* Task objective:
The line containing "SATISKIN Foam Bath" and all lines following it in the listing below are to be reproduced exactly, with no other lines.

* Data provided:
===============

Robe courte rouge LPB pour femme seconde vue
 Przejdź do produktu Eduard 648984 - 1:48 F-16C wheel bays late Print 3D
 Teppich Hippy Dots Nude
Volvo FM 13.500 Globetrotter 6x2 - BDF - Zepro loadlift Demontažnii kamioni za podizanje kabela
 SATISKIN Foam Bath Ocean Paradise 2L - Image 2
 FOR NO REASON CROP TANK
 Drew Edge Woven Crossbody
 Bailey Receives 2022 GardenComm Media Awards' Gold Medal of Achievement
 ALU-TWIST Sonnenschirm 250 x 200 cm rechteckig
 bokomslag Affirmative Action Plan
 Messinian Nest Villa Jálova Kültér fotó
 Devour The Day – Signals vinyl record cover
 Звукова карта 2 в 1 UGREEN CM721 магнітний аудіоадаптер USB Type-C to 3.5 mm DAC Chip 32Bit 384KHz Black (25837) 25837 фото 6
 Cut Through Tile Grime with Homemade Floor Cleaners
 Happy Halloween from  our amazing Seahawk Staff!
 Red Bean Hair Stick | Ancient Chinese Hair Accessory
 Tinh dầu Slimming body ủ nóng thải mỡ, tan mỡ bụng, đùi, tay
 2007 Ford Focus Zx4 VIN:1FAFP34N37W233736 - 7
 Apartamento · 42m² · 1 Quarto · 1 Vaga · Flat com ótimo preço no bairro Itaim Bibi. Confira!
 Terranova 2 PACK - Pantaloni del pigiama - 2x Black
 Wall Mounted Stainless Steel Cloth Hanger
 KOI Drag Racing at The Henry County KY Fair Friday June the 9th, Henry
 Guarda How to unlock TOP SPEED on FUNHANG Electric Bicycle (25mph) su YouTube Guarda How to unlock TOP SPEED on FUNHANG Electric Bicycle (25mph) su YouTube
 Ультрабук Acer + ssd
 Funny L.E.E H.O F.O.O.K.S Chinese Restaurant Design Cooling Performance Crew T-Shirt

===============

* Problem solution:
 SATISKIN Foam Bath Ocean Paradise 2L - Image 2
 FOR NO REASON CROP TANK
 Drew Edge Woven Crossbody
 Bailey Receives 2022 GardenComm Media Awards' Gold Medal of Achievement
 ALU-TWIST Sonnenschirm 250 x 200 cm rechteckig
 bokomslag Affirmative Action Plan
 Messinian Nest Villa Jálova Kültér fotó
 Devour The Day – Signals vinyl record cover
 Звукова карта 2 в 1 UGREEN CM721 магнітний аудіоадаптер USB Type-C to 3.5 mm DAC Chip 32Bit 384KHz Black (25837) 25837 фото 6
 Cut Through Tile Grime with Homemade Floor Cleaners
 Happy Halloween from  our amazing Seahawk Staff!
 Red Bean Hair Stick | Ancient Chinese Hair Accessory
 Tinh dầu Slimming body ủ nóng thải mỡ, tan mỡ bụng, đùi, tay
 2007 Ford Focus Zx4 VIN:1FAFP34N37W233736 - 7
 Apartamento · 42m² · 1 Quarto · 1 Vaga · Flat com ótimo preço no bairro Itaim Bibi. Confira!
 Terranova 2 PACK - Pantaloni del pigiama - 2x Black
 Wall Mounted Stainless Steel Cloth Hanger
 KOI Drag Racing at The Henry County KY Fair Friday June the 9th, Henry
 Guarda How to unlock TOP SPEED on FUNHANG Electric Bicycle (25mph) su YouTube Guarda How to unlock TOP SPEED on FUNHANG Electric Bicycle (25mph) su YouTube
 Ультрабук Acer + ssd
 Funny L.E.E H.O F.O.O.K.S Chinese Restaurant Design Cooling Performance Crew T-Shirt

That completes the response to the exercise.